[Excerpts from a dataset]
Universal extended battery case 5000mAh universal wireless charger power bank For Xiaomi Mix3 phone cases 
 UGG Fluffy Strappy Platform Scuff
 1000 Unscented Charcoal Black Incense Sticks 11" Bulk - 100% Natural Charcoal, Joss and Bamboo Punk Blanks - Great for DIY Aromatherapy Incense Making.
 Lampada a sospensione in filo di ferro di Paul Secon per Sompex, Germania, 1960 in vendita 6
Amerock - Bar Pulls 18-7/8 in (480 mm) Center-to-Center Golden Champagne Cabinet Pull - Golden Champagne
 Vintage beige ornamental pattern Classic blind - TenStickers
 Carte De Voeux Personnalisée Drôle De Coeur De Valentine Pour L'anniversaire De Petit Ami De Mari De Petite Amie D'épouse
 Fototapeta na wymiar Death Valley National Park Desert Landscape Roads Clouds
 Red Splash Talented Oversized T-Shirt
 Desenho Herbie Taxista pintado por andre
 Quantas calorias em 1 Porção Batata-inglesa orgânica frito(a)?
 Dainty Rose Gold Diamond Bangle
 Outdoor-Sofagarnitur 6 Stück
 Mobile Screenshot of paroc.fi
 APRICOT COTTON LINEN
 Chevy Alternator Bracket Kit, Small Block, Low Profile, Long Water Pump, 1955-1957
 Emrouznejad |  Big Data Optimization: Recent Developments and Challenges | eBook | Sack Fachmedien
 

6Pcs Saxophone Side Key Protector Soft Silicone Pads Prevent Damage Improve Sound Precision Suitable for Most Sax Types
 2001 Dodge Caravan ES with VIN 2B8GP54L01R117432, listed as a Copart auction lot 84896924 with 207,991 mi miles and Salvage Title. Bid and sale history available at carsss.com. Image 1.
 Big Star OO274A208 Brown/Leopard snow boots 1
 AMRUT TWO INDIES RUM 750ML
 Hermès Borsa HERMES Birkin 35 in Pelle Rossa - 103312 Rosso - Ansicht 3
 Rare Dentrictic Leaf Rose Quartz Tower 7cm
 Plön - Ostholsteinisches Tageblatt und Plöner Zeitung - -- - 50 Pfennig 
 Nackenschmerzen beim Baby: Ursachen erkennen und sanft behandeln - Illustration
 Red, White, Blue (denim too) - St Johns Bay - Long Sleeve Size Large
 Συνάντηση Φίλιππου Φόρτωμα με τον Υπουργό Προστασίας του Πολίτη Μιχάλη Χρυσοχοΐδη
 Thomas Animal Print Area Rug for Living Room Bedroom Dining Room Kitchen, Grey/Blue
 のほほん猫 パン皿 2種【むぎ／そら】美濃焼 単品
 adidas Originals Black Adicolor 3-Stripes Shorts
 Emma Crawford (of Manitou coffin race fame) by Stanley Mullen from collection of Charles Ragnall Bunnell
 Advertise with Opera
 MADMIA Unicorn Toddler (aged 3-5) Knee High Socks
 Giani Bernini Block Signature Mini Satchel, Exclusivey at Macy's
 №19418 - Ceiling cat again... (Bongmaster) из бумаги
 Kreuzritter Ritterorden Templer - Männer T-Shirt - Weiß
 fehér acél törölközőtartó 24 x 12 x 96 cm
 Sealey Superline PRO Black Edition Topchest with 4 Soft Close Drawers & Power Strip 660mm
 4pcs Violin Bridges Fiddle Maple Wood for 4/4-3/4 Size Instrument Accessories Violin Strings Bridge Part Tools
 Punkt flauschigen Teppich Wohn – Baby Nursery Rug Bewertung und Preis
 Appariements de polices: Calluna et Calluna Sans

» **ASSIGNMENT**
Each line above with the word "Baby" must be returned.

» **RESPONSE FOR THIS EXERCISE**
 Nackenschmerzen beim Baby: Ursachen erkennen und sanft behandeln - Illustration
 Punkt flauschigen Teppich Wohn – Baby Nursery Rug Bewertung und Preis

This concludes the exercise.